CROX -- Crocs is back from the grave, after the stock dropped from $67 to a mere $1 during the last financial crisis. In my opinion, the markets are headed back to a bear market mode and the stocks that sold off on fundamentals last time will likely sell off on fundamentals again this time. CROX has shown investors strong earnings, but these numbers are juiced by tax loss carry-forwards, cyclical factors, and likely some degree of accounting shenanigans. Crox trades for 33X trailing earnings and 21X forward earnings, but keep in mind it doesn't pay much in the way of taxes and that once you buy a pair of its sandals, you don't need to buy another pair for quite some time.

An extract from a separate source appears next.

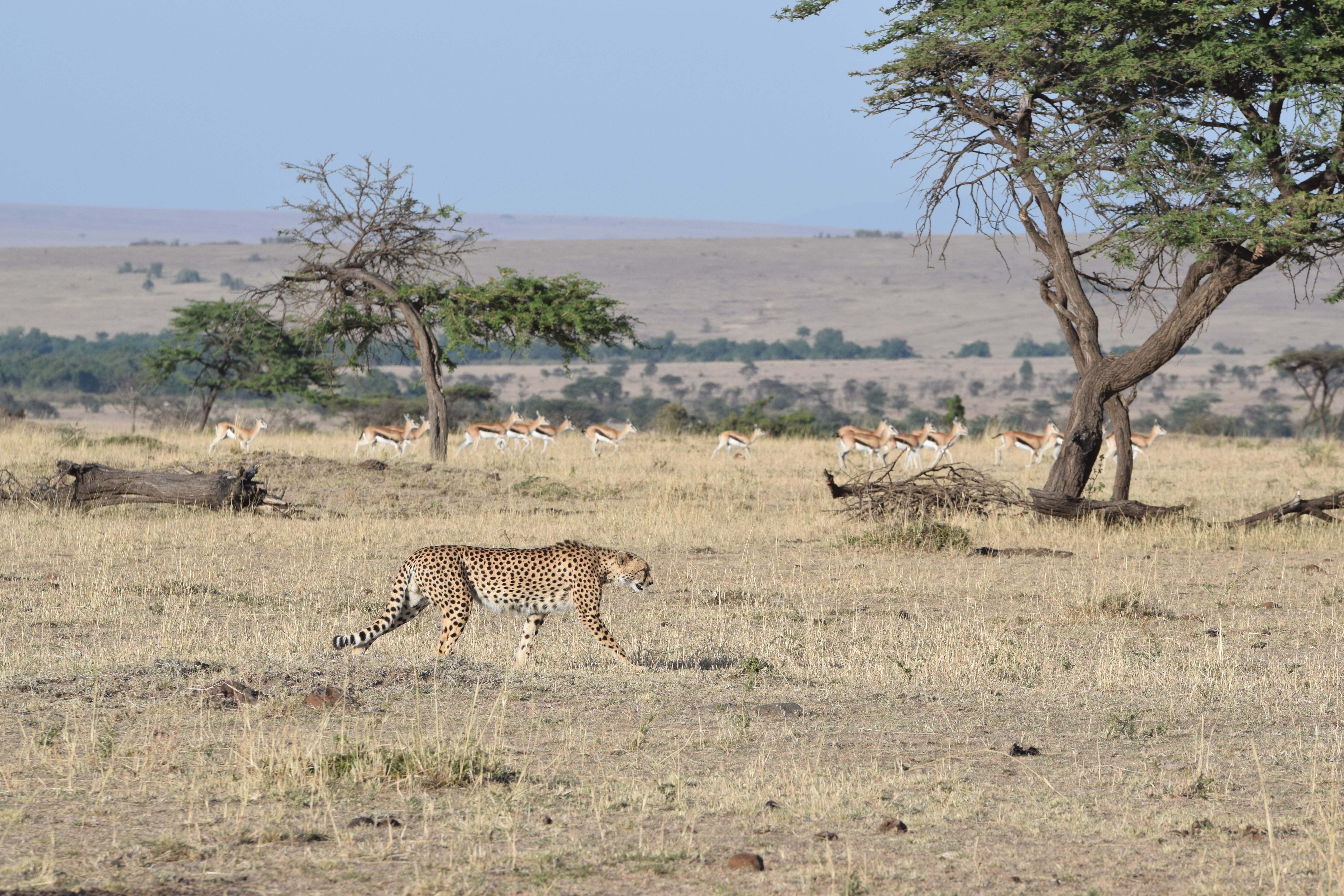 Our Stay At Sir Richard Branson's Mahali Mzuri In Maasai Mara, Kenya -- Kenya Safari - Kenya Safari Tours - Safari Kenya - Safari Trips In Kenya - Trip To Kenya - Kenyan Safari - How To Plan A Safari - Kenya Safari Guide - Kenya Wildlife - Kenya Trip - Travel To Kenya - Guide To Kenya - Maasai Mara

At an EV/EBITDA ratio of 18, a price-to-free-cash flow of 37X, and a price-to-book value of 7X, I view these shares as being worth closer to $1 than $67 -- if our nation's debt gets downgraded, look for these shares to collapse with the overall market.
AMZN -- Amazon "beat" earnings but guidance was terrible and it barely earns any money regardless of the low EPS hurdles set by Wall Street analysts. The company has proven it can grow sales but operating and gross margins shrink by the same percentage levels that the top line rises, which makes the growing sales a wash from a bottom-line perspective. Eventually, state governments will find a way to tax Amazon. At 100X earnings, these shares carry too much risk to make sense for long investors. If the overall markets crash because of a default, AMZN will not be left unscathed.

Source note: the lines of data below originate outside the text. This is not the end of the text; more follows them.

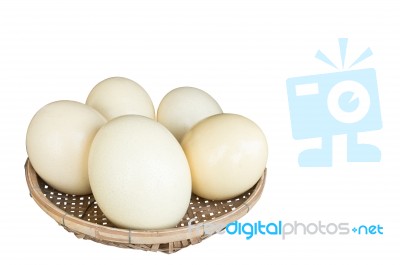 Ostrich Eggs Stock Photo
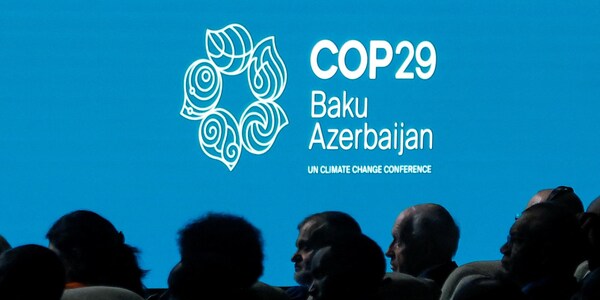 COP29 climate agreement a boost for India's carbon market ambitions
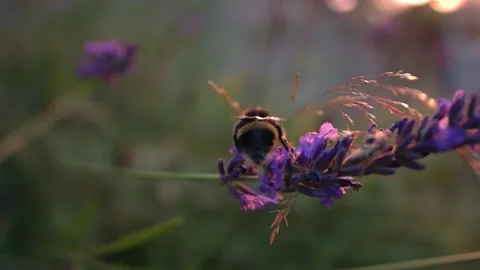 Bumble bee climbing on lavender and flower and flies away Stock Footage 344690053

LNKD -- LinkedIn is another great company at a terrible price tag. The shares are trading at 1100 times earnings and an obscene multiple-to-book value and revenue. Yes, the company has substantial value in its web site, but with 15% of the visitors of Yahoo (YHOO) and 50% of Yahoo's market cap, these shares are priced beyond perfection. 1999 saw many stocks like this, which were popular web sites with little earnings and crazy valuations -- maybe this time is different, but likely this time is the same as the last time we had an internet bubble.
PEET -- Peet's Coffee & Tea makes a good brew, but the stock could leave a bitter taste in the mouths of equity investors. Peet's is trading for 40X earnings and 4.5X book value. With a GDP growing at 1% or so, the US is heading for a recession. Stocks should be trading for around 12X earnings and if PEET's valuation reverts to a 15X multiple, the shares could lose over 50% of their value.

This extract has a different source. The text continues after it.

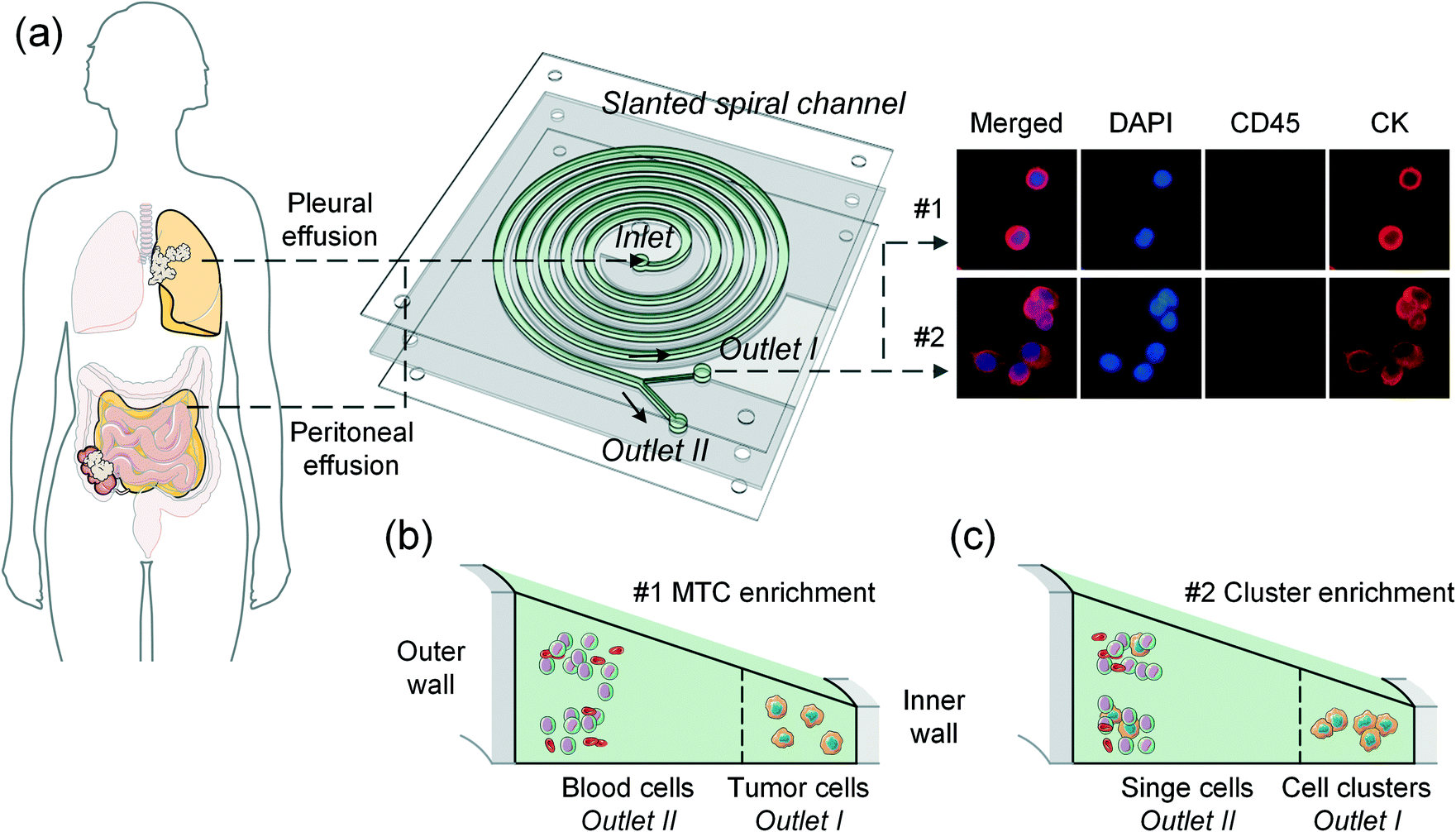 https://pubs.rsc.org/image/article/2022/LC/d2lc00082b/d2lc00082b-f1_hi-res.gif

QQQ -- The Nasdaq 100 is trading for over 23X earnings and technology spending is notoriously cyclical. Heading into a recession, most companies cut back on tech spending and investors tend to avoid the higher valuation, more speculative names in the market. Many of the QQQ stocks are trading at rich valuations, but investors may want to buy Apple (AAPL), Intel (INTC), and Microsoft (MSFT) for "long hedges" against any short in this index due to the heavy weighting of these bellwether firms.
IWM -- The Russell 2000 has badly lagged the Nasdaq and especially the Nasdaq 100. The Russell is quite pricey here, and the growth rate projected by the analysts may not materialize if we head for a recession or slowdown in the US. Without QE, the Russell looks very vulnerable to a sell off toward the $60 level, which would represent a much more logical valuation level for the index fund.
HRBN -- Harbin Electric. The buyout offer from the chairman of this company is looking less and less realistic, given that no news has hit regarding his financing or the terms of the MBO. Personally, I am skeptical of most offers made by insiders on companies based on contingent MBO financing from banks. The reason behind the skepticism is that the chairman should have arranged the financing first and then simply made the firm offer if the deal was a real one and not just a fake bid to squeeze shorts.
ZAGG -- Zagg makes Iphone skins, but the company is concentrated at Best Buy (BBY) and also with Apple. The business is trading at a large multiple to book value at over 5X and a PE ratio over 25X. Zagg faces a good deal of risk if the consumer slows down and shoppers hold on to their current cell phones without constantly upgrading.